Step-by-step explanation:

Though Process:

The punch glass (call it bowl to have a shape in mind) is in the shape of a hemisphere
the radius $r=5cm$
Punch is being poured into the bowl
The height at which the punch is increasing in the bowl is $\frac{dh}{dt} = 1.5$
the exposed area is a circle, (since the bowl is a hemisphere)
the radius of this circle can be written as $'a'$

what is being asked is the rate of change of the exposed area when the height $h = 2 cm$
the rate of change of exposed area can be written as $\frac{dA}{dt}$ .
since the exposed area is changing with respect to the height of punch. We can use the chain rule: $\frac{dA}{dt} = \frac{dA}{dh} . \frac{dh}{dt}$

and since $A = \pi a^2$ the chain rule above can simplified to $\frac{da}{dt} = \frac{da}{dh} . \frac{dh}{dt}$ -- we can call this Eq(1)

Solution:

the area of the exposed circle is

$A =\pi a^2$

the rate of change of this area can be, (using chain rule)
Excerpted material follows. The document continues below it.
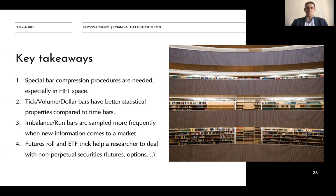We have also discussed how futures roll and the ETF trick help a researcher deal with non-perpetual securities such as futures, options, or multi-product series, if we would like to build a spread of various securities to trade a statistical arbitrage strategy on top of that.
$\frac{dA}{dt} = 2 \pi a \frac{da}{dt}$ we can call this Eq(2)

what we are really concerned about is how $a$ changes as the punch is being poured into the bowl i.e $\frac{da}{dh}$

So we need another formula: Using the property of hemispheres and pythagoras theorem, we can use:

$r = \frac{a^2 + h^2}{2h}$

and rearrage the formula so that a is the subject:

$a^2 = 2rh - h^2$

now we can derivate a with respect to h to get $\frac{da}{dh}$

$2a \frac{da}{dh} = 2r - 2h$

simplify

$\frac{da}{dh} = \frac{r-h}{a}$

we can put this in Eq(1) in place of $\frac{da}{dh}$

$\frac{da}{dt} = \frac{r-h}{a} . \frac{dh}{dt}$

and since we know $\frac{dh}{dt} = 1.5$

$\frac{da}{dt} = \frac{(r-h)(1.5)}{a}$

and now we use substitute this $\frac{da}{dt}$ . in Eq(2)

$\frac{dA}{dt} = 2 \pi a \frac{(r-h)(1.5)}{a}$

simplify,

$\frac{dA}{dt} = 3 \pi (r-h)$

This is the rate of change of area, this is being asked in the quesiton!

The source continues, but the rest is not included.